Just in case some may not have heard about this case involving the planning of the rich and famous in 2008, take a minute to better understand what mere mortals can accomplish through proper planning. Facebook co-founders Mark Zuckerberg and Dustin Moskovitz, and CEO Sheryl Sandberg used a tried-and-true estate planning technique known as a Grantor Retained Annuity Trust (GRAT) to transfer upwards of $200 million free of gift and estate tax.
How did they do this? They took advantage of a perfectly legal structure that is expressly authorized by the tax code. In short, their GRATs worked like this; before an IPO and thus when Facebook’s stock value was low, the executives transferred shares of Facebook stock to their respective GRATs. In return, the executives each received an annual income stream, known as an annuity, for a predetermined number of years. If they survive this term, any property left in the trust at the conclusion of the annuity payments passes to the remainder beneficiaries (typically family members or a trust for their benefit).
The transfer is subject to gift tax only to the extent that the value of the assets transferred, plus an assumed growth rate (published by the IRS monthly and currently at historic lows), exceeds the amount of the annuity payments back to the trust maker (aka grantor).

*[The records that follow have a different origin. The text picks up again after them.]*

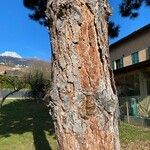 Pinus resinosa Φλοιός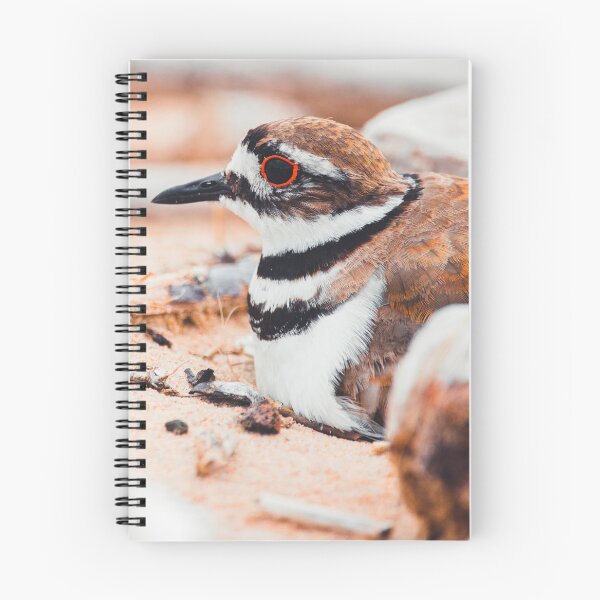 Item preview, Nesting Killdeer At The Beach designed and sold by hannahlainphoto.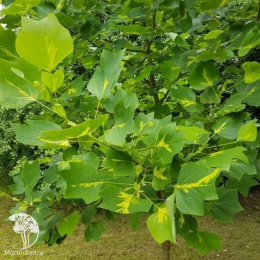 Лириодендрон тюльпанный Пургатори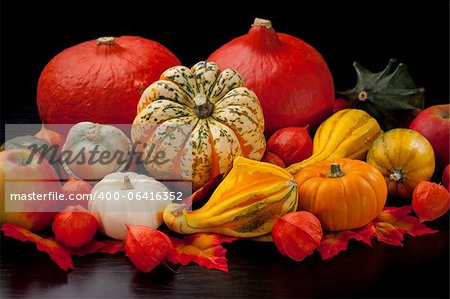 Still life for Thanksgiving with pumpkins on black background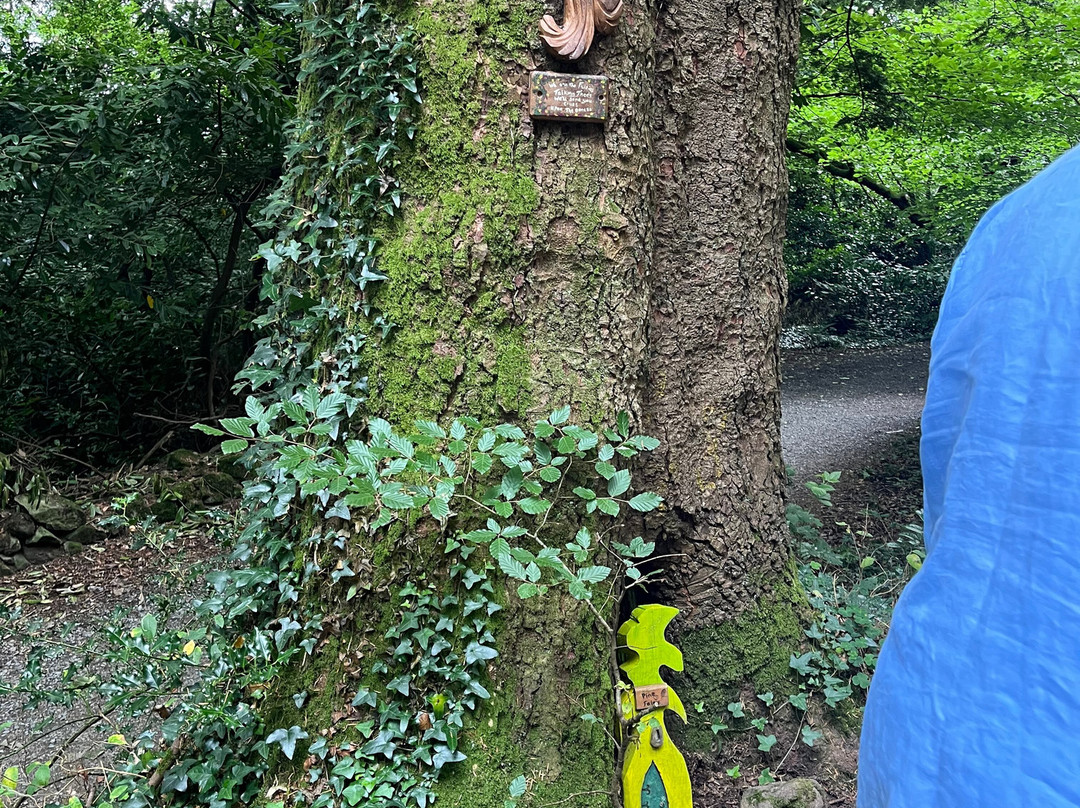 Slieve Gullion Forest Park-纽里必去景点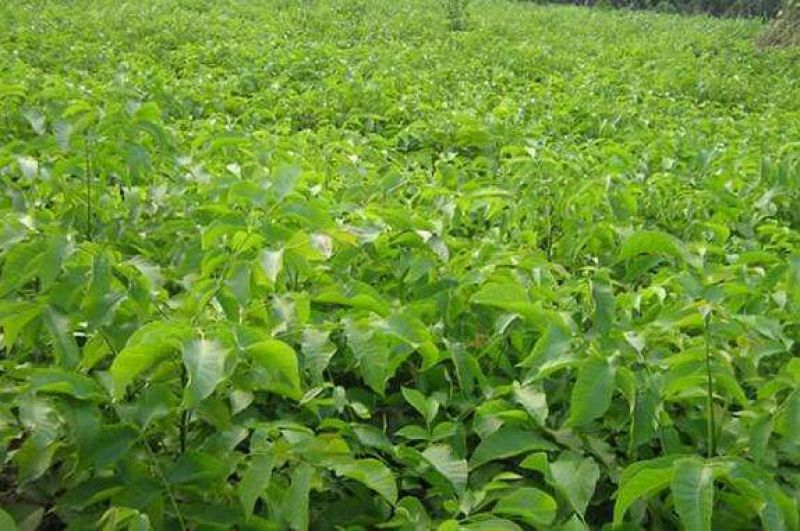 核桃苗嫁接核桃树苗薄皮盆栽地栽当年接果南方北方种植庭院果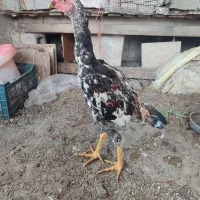 جوجه خروس لاری اصل 7 ماهشه تضمینی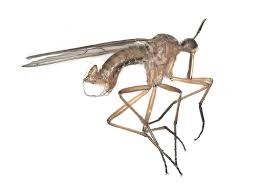 Attēlu rezultāti vaicājumam “Empididae”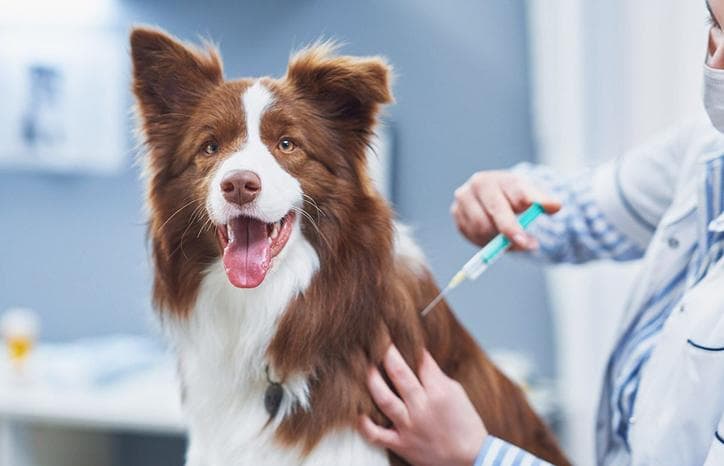 Собаці роблять вакцинацію
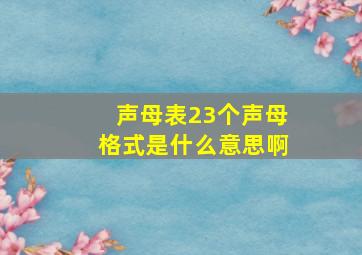 声母表23个声母格式是什么意思啊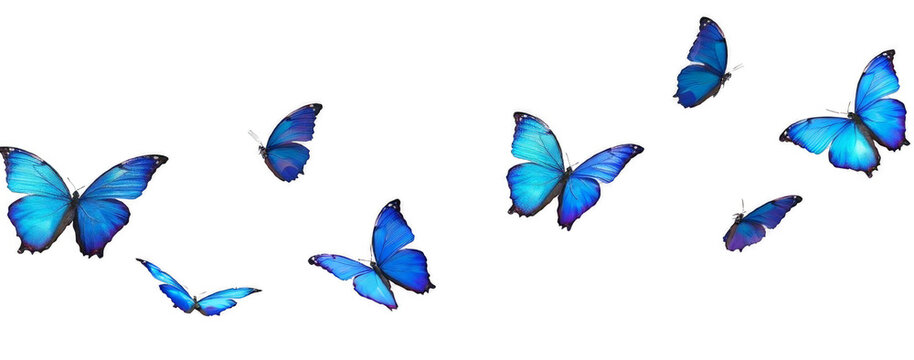 Fototapeta blue flying butterfly png suitable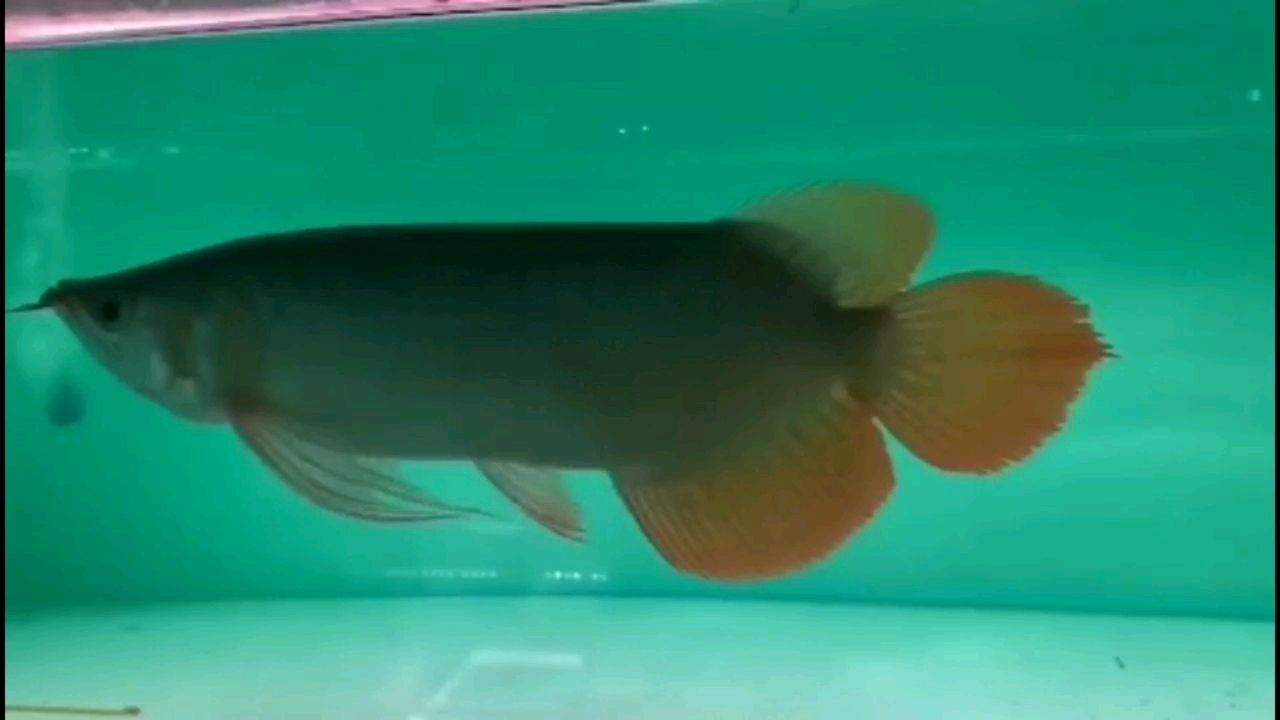 我的龍魚小時候在魚商那邊的 丹頂錦鯉魚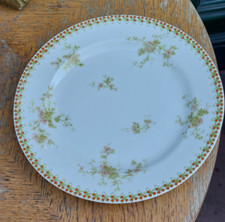Assiette plate haviland d'occasion  Metz-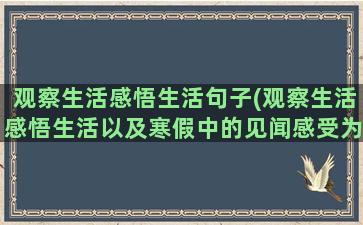 观察生活感悟生活句子(观察生活感悟生活以及寒假中的见闻感受为话题写作文)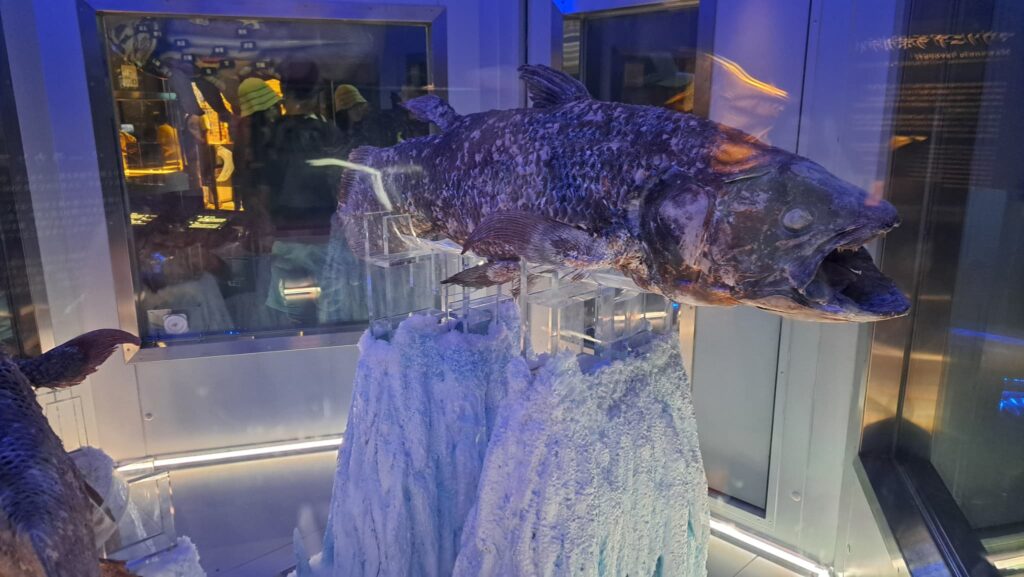 シーラカンスの標本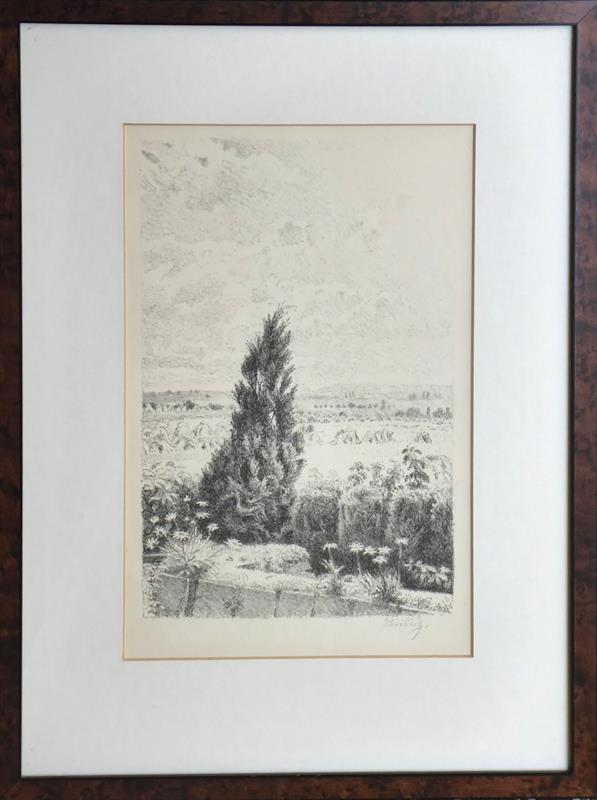 Max Švabinský (1873-1962) - Túje v Chodově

Thus, one can structure this transaction as a “zeroed-out GRAT” such that the value to the remainder beneficiaries is calculated at zero and the transfer is not subject to gift tax (this is true whether we transfer $100 or $100 million to the trust). However, even though there is no gift tax, any actual growth beyond the IRS’s assumed rate, or increases in value in trust assets, or (as in this case) both, inure to the remainder beneficiaries free of gift and estate tax.
As was the case here, GRATs are perfect for highly appreciating assets and those assets that will return more than the IRS’s assumed growth rate which is still very low. Thus, any client with pre-IPO stock or other highly appreciating assets should at least consider this strategy.
It is prudent to consider this technique now since the Obama Administration’s 2016 budget proposals, known as the Greenbook, proposes doing away with zeroed-out and decreasing GRATs. It suggests imposing a requirement that the value of the remainder interest in a GRAT be equal to at least25 percent of the value of the property transferred to the GRAT or, if greater, $500,000 (but not more than the value of the GRAT in any case). In addition, the budget proposal seeks to impose a minimum 10-year term for GRATs and a maximum term of the life expectancy of the annuitant plus 10 years (to combat “100-year GRATs”).